• [INSTRUCTIONS TO FOLLOW]:
Your task is to print all of the data below exactly, with no pictures included.

Stored data:
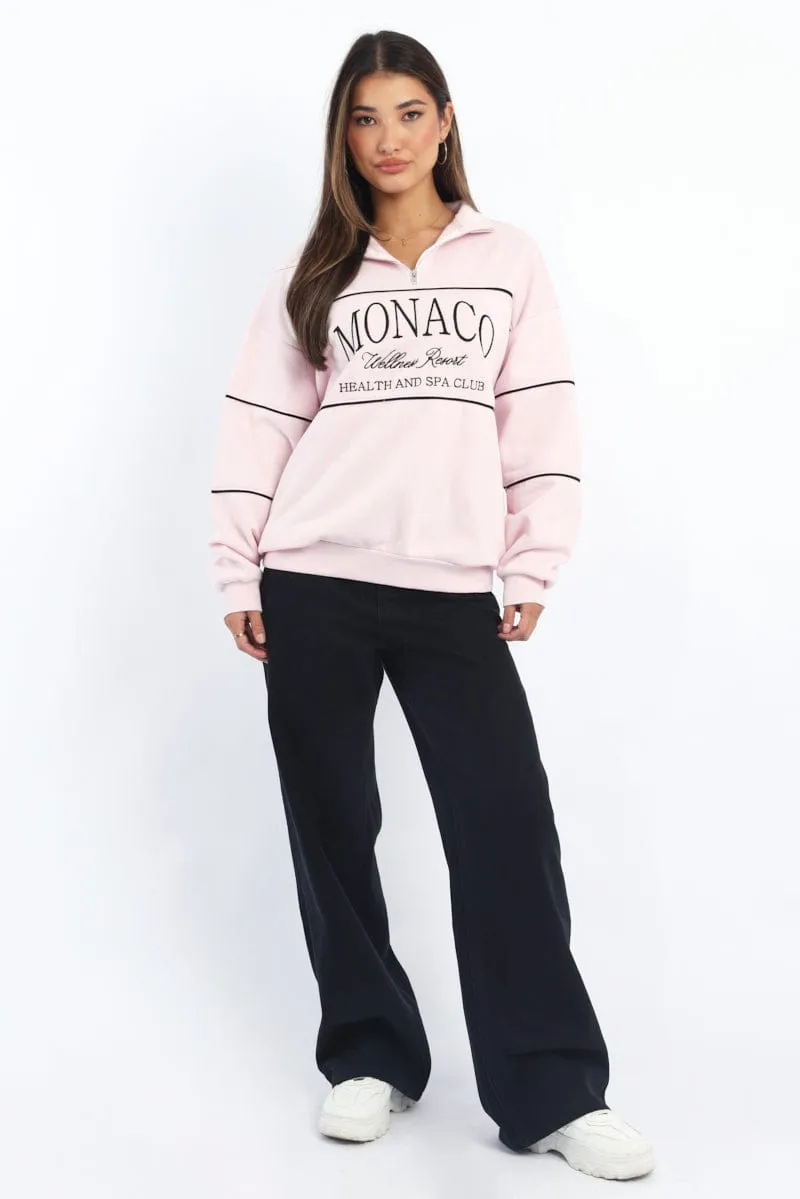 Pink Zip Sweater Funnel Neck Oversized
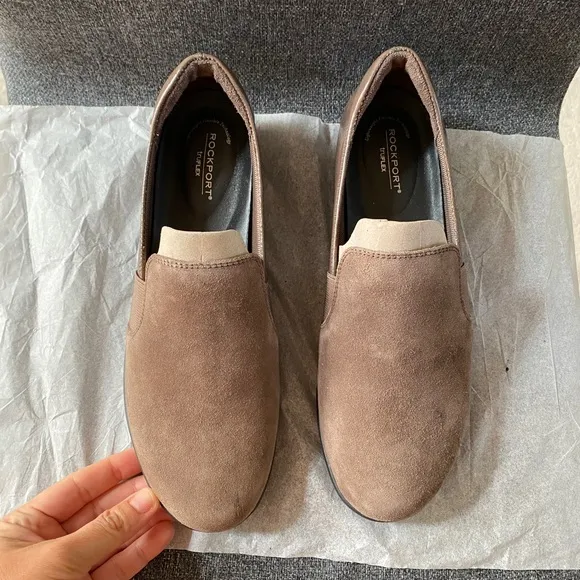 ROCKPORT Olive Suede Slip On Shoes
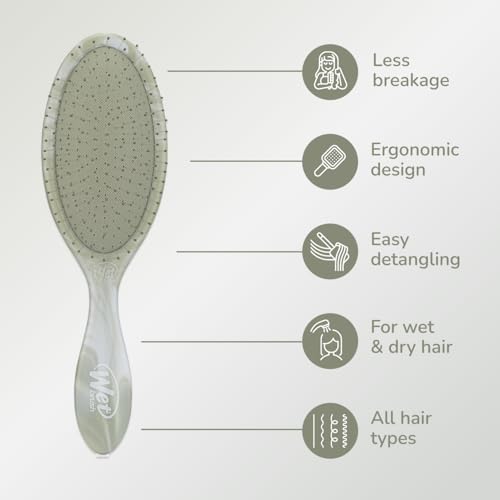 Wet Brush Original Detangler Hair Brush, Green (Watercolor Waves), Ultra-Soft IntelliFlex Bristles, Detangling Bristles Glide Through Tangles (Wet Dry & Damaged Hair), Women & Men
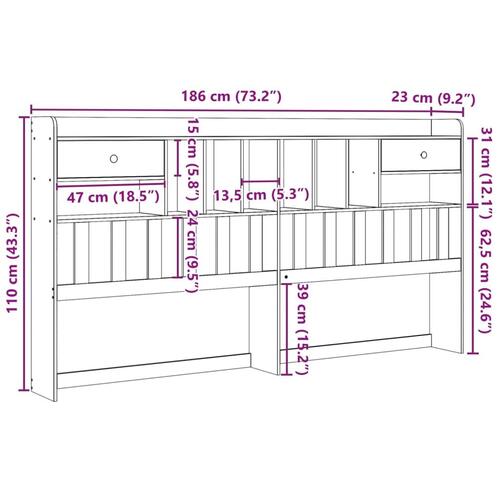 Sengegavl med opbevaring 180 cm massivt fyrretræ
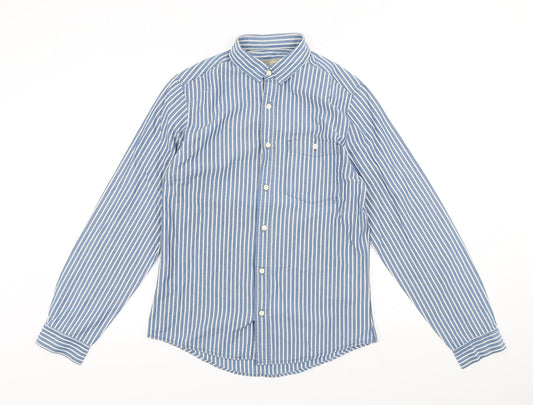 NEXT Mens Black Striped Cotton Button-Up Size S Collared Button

• [WRITTEN ANSWER]:
 Pink Zip Sweater Funnel Neck Oversized
 ROCKPORT Olive Suede Slip On Shoes
 Wet Brush Original Detangler Hair Brush, Green (Watercolor Waves), Ultra-Soft IntelliFlex Bristles, Detangling Bristles Glide Through Tangles (Wet Dry & Damaged Hair), Women & Men
 Sengegavl med opbevaring 180 cm massivt fyrretræ
 NEXT Mens Black Striped Cotton Button-Up Size S Collared Button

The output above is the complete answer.